▶ _Requirement_
Restate the listing word for word; omit the images.

== Stored data

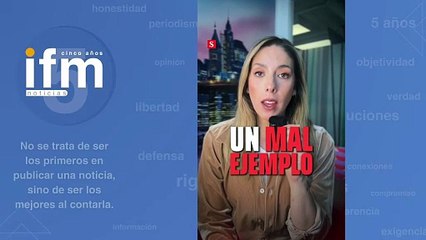 Juanita Gómez, periodista de Semana hace denuncias sobre quien es Isabel Zuleta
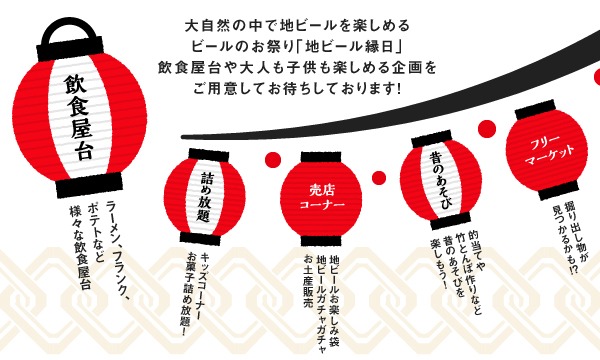 【GW開催】胎内高原ビール園 地ビール縁日2020 イベント画像2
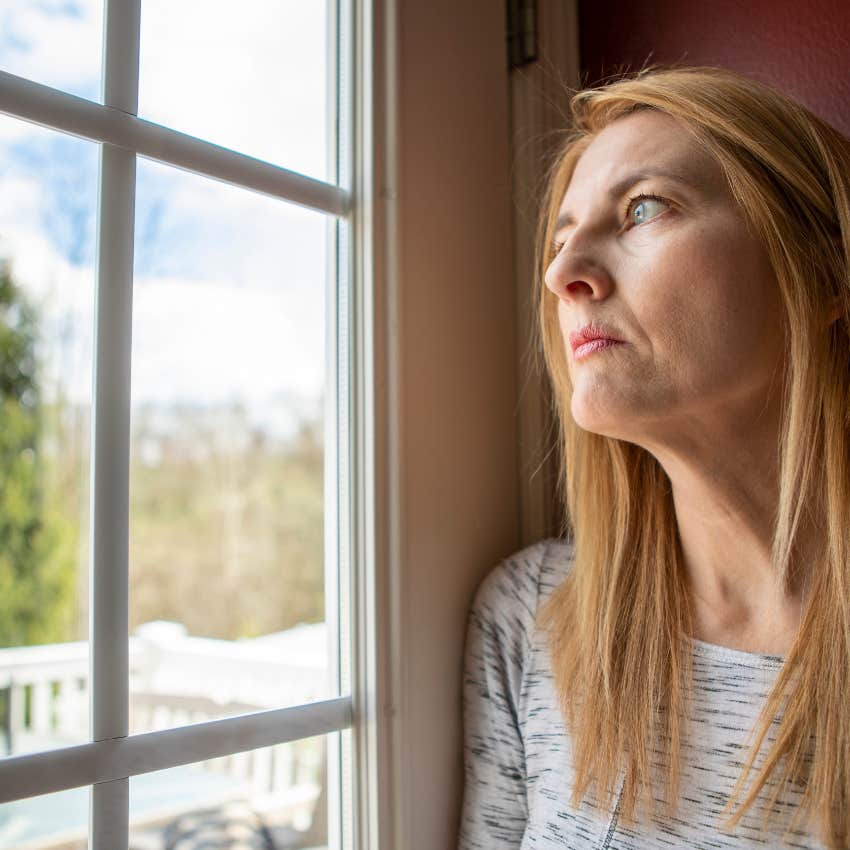 woman who just wants advice saying that everything stinks now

====

▶ _Output below_
 Juanita Gómez, periodista de Semana hace denuncias sobre quien es Isabel Zuleta
 【GW開催】胎内高原ビール園 地ビール縁日2020 イベント画像2
 woman who just wants advice saying that everything stinks now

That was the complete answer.